**Exercise data:**
--------------------------------------------------
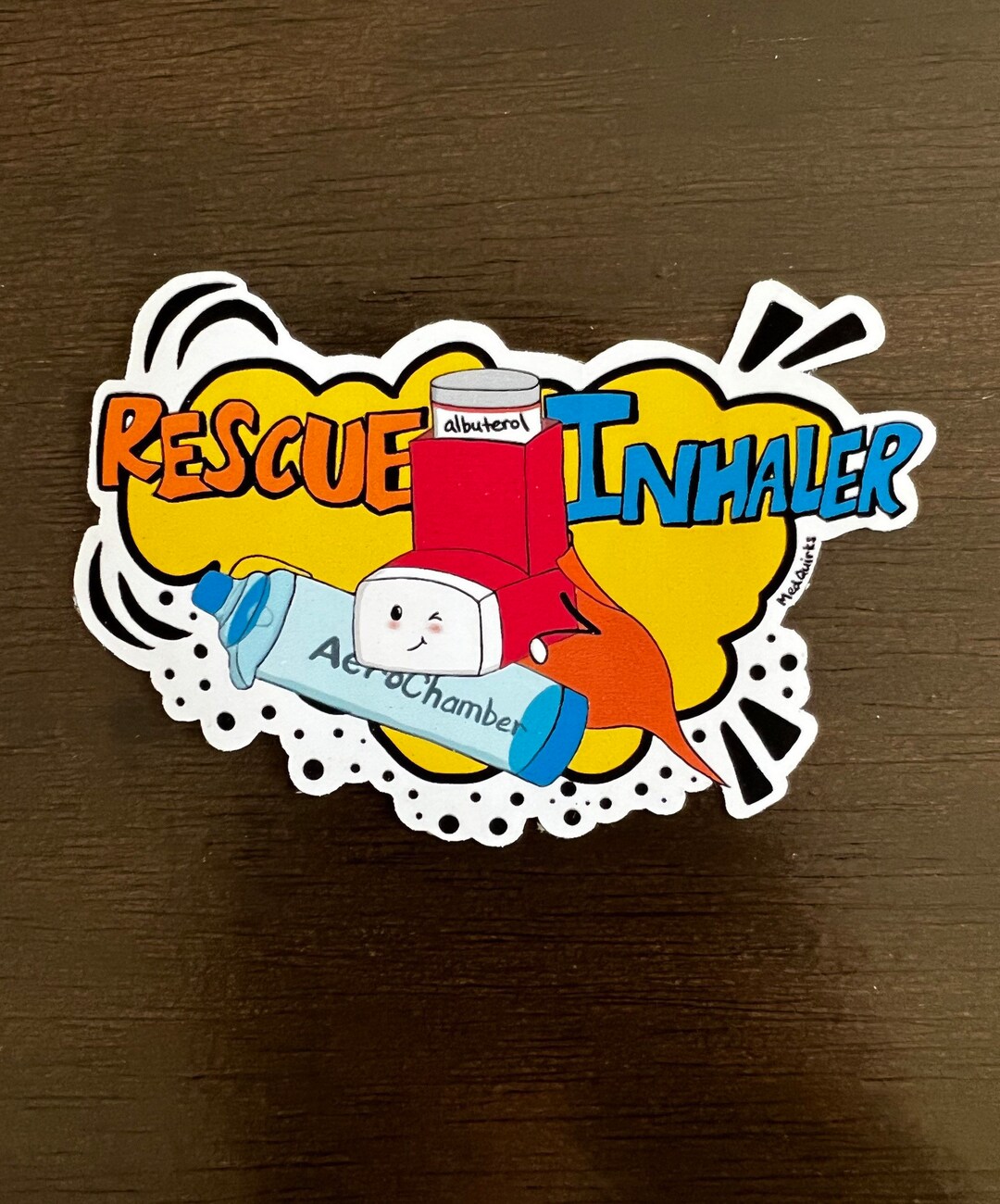 Rescue Inhaler Vinyl Sticker - Etsy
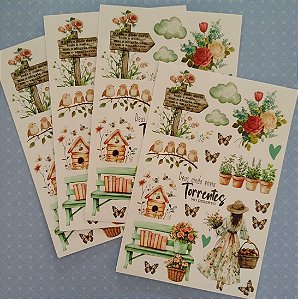 Adesivos Transparentes: Torrentes no deserto - Bible Journaling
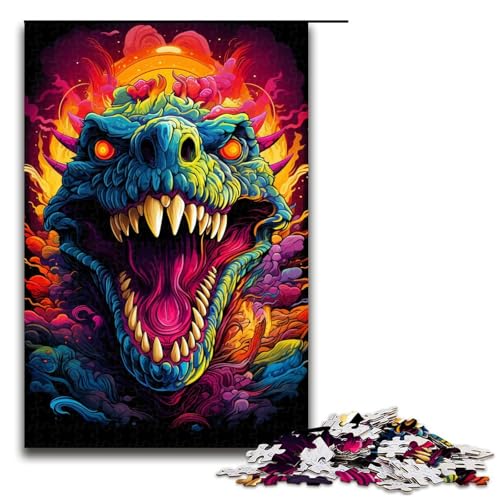 Puzzle für Erwachsene 1000 Teile Bunte Zeichnung eines Dinosauriers Holzpuzzle für Kinder Lernspiel 75 x 50 cm Puzzle für Erwachsene 1000 Teile Bunte Zeichnung eines Dinosauriers Holzpuzzle für Kinder Lernspiel 75 x 50 cm von zouxangzz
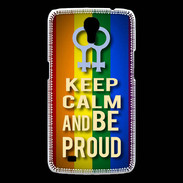 Coque Samsung Galaxy Mega Keep Calm and Be proud Women Gay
--------------------------------------------------
**Assigned task:**
Type the material out again exactly. Skip the pictures.

**Exercise solution:**
 Rescue Inhaler Vinyl Sticker - Etsy
 Adesivos Transparentes: Torrentes no deserto - Bible Journaling
 Puzzle für Erwachsene 1000 Teile Bunte Zeichnung eines Dinosauriers Holzpuzzle für Kinder Lernspiel 75 x 50 cm Puzzle für Erwachsene 1000 Teile Bunte Zeichnung eines Dinosauriers Holzpuzzle für Kinder Lernspiel 75 x 50 cm von zouxangzz
 Coque Samsung Galaxy Mega Keep Calm and Be proud Women Gay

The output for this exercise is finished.